Start of ENTRIES SUPPLIED

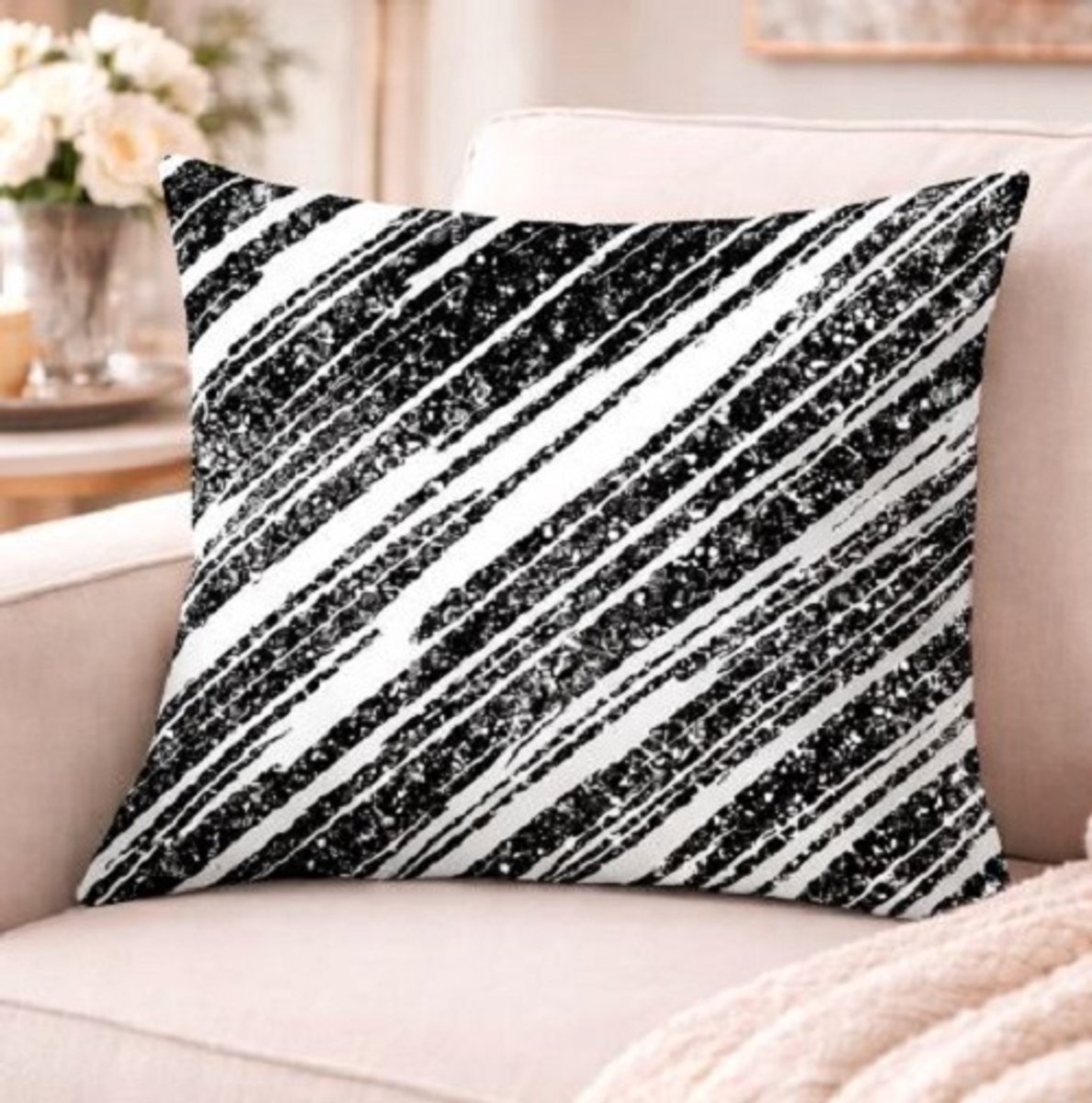 Black & White Living Collection Kussenhoes - 45 x 45 cm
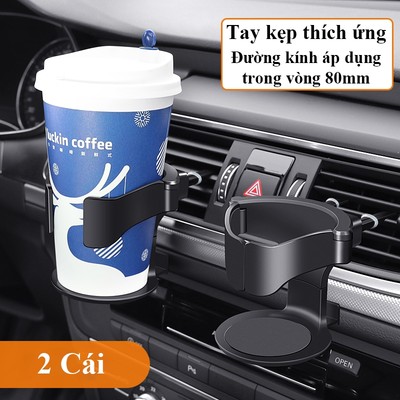 Giá đỡ cốc nước ô tô MYT Khay giá giữ cốc nước gắn cổng điều hòa không khí xe hơi dễ dàng lắp đặt tiện lợi cho xế yêu
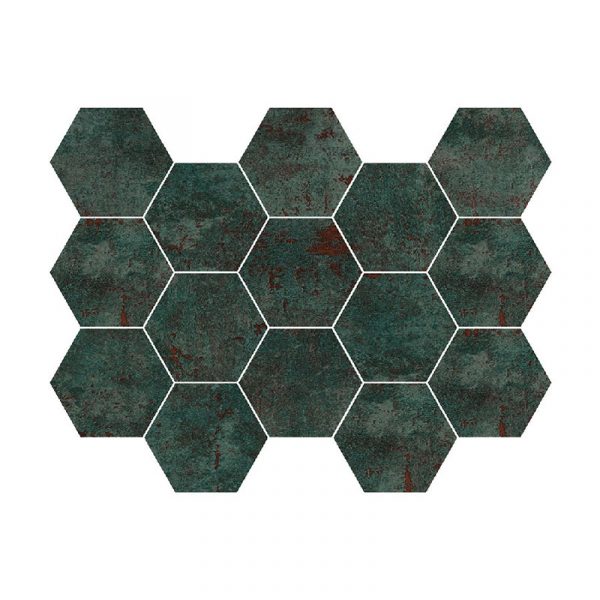 PROVBIT MOSAIK METAL SEAGREEN 30X30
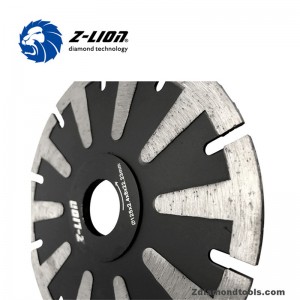 ZL-HB05 T-segmentets bästa diamantblad för granit med förstärkt ring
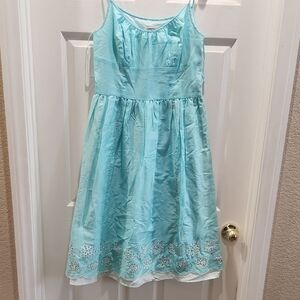 LOFT Light Blue Casual Dress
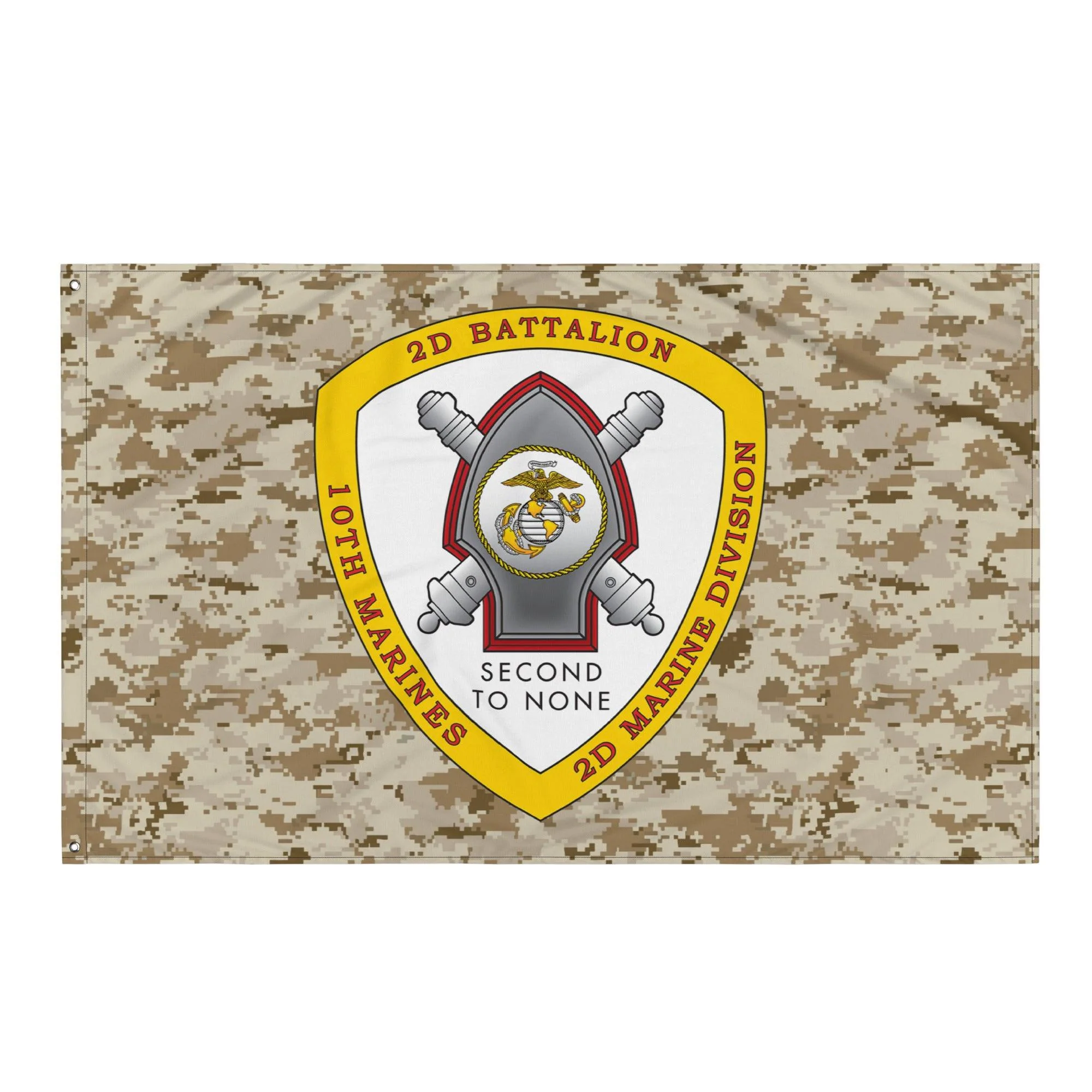 2/10 Marines MARPAT Camo USMC Flag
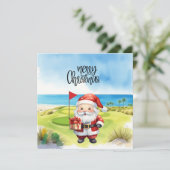 Golf Merry Kerstmis met kerstman (Staand voorkant)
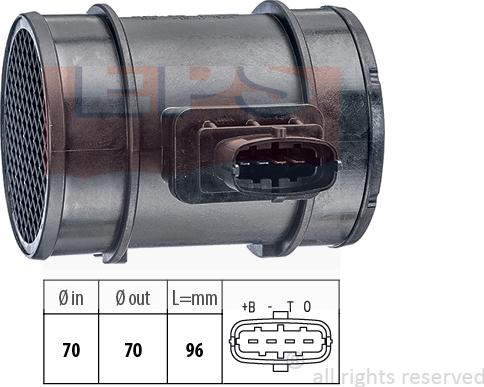 MDR EPS-1991 276 - Débitmètre de masse d'air cwaw.fr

End of ENTRIES SUPPLIED

§ TASK TO CARRY OUT: Every line from the one with "PROVBIT MOSAIK METAL SEAGREEN 30X30" through the end of the records is to be reproduced exactly, and the pictures are to be left out.

§ EXERCISE RESPONSE:
 PROVBIT MOSAIK METAL SEAGREEN 30X30
 ZL-HB05 T-segmentets bästa diamantblad för granit med förstärkt ring
 LOFT Light Blue Casual Dress
 2/10 Marines MARPAT Camo USMC Flag
 Golf Merry Kerstmis met kerstman (Staand voorkant)
 MDR EPS-1991 276 - Débitmètre de masse d'air cwaw.fr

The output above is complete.